Concept

# Simulated annealing

Summary
Simulated annealing (SA) is a probabilistic technique for approximating the global optimum of a given function. Specifically, it is a metaheuristic to approximate global optimization in a large search space for an optimization problem. For large numbers of local optima, SA can find the global optima. It is often used when the search space is discrete (for example the traveling salesman problem, the boolean satisfiability problem, protein structure prediction, and job-shop scheduling). For problems where finding an approximate global optimum is more important than finding a precise local optimum in a fixed amount of time, simulated annealing may be preferable to exact algorithms such as gradient descent or branch and bound. The name of the algorithm comes from annealing in metallurgy, a technique involving heating and controlled cooling of a material to alter its physical properties. Both are attributes of the material that depend on their thermodynamic free energy.

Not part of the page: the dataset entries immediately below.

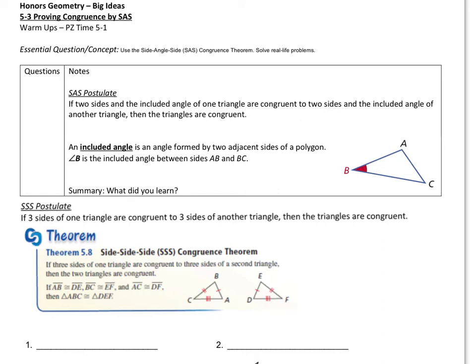Hey everybody, it's Mr. N here. We're going to do the next lesson. This is on proving triangles congruent. In this section it says by side angle side, by SAS, but I'm also going to cover the other one which is side side side. That's typically the first one we usually cover, but I'm going to go ahead and do it right now. First let's do the side angle side one.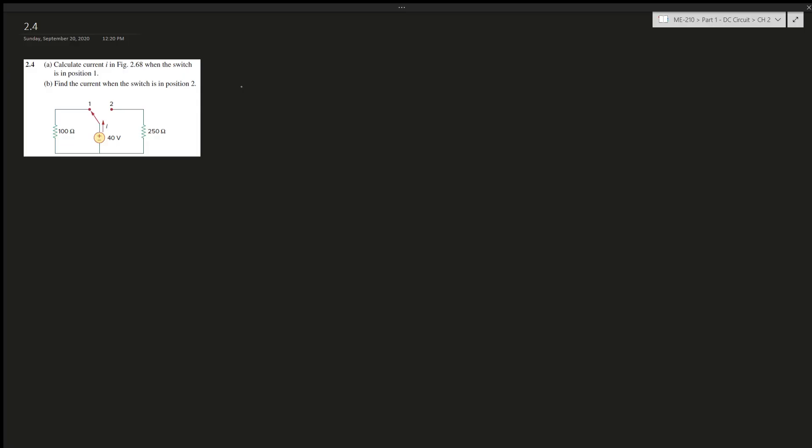Alright, question 2.4 says: calculate the current I in the figure when the switch is in position 1 and when it's in position 2. Okay, so we have to know Ohm's law, right? V over I gives us resistance, or IR gives us voltage.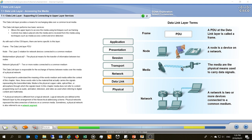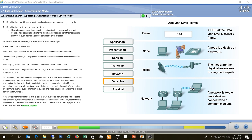A network is two or more devices connected to a common medium. For example, a router and a computer connected via an Ethernet cable forms a network. A wireless router and a laptop connected via air are also on a network, communicating over a common medium.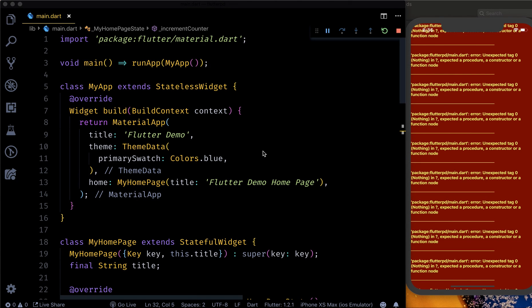Hey, what's up guys, welcome back to the Flutter Weekly Widget Season 2, Episode 3. In this video I'm going to talk about another widget which is kind of very familiar to you. As you can see on the screen, this is the red screen on the right hand side on my iOS simulator.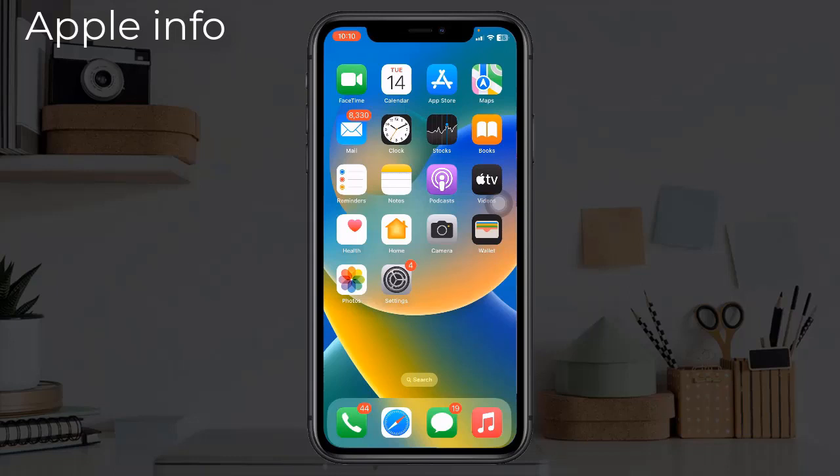Hello viewers, welcome back to my another video. In this tutorial I will show you how to delete old WiFi history and how to view old connected WiFi password. Normally if we want to see the connected WiFi password of our iPhone, then we can see it easily. For that we have to go to Settings.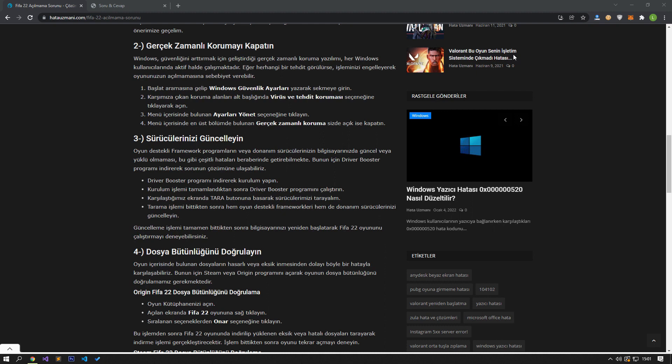After the scan is finished, update both the game-supported frameworks and your hardware drivers. After the update process is completely finished, you can try to run the FIFA 22 game by restarting your computer.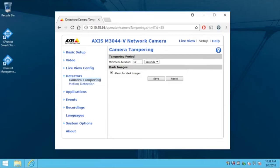Before I launched the Management Client, I went to the camera's setup webpage and configured tampering detection. For this camera, we're able to adjust only the duration of the tampering period before it will generate an event. We can also specify whether the event should trigger on dark images, for example if the lens is covered or if the light is turned off.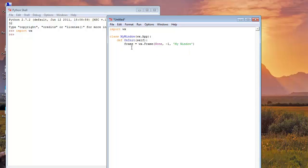And now frame dot show. This will show our frame. And now return true.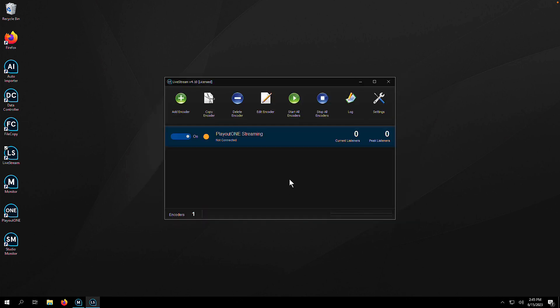Once that's all done, we can go and turn on our encoder and we should see a green light. There it is. Your encoder is set up and complete.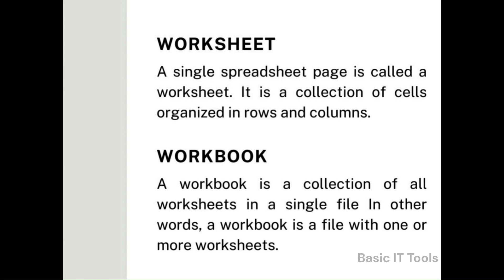Workbook: A workbook is a collection of all worksheets in a single file. In other words, a workbook is a file with one or more worksheets.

Heating and cooling the material affects both the temperature and the thermodynamic free energy or Gibbs energy. Simulated annealing can be used for very hard computational optimization problems where exact algorithms fail; even though it usually achieves an approximate solution to the global minimum, it could be enough for many practical problems. The problems solved by SA are currently formulated by an objective function of many variables, subject to several mathematical constraints. In practice, the constraint can be penalized as part of the objective function. Similar techniques have been independently introduced on several occasions, including Pincus (1970), Khachaturyan et al (1979, 1981), Kirkpatrick, Gelatt and Vecchi (1983), and Cerny (1985). In 1983, this approach was used by Kirkpatrick, Gelatt Jr., Vecchi, for a solution of the traveling salesman problem. They also proposed its current name, simulated annealing. This notion of slow cooling implemented in the simulated annealing algorithm is interpreted as a slow decrease in the probability of accepting worse solutions as the solution space is explored.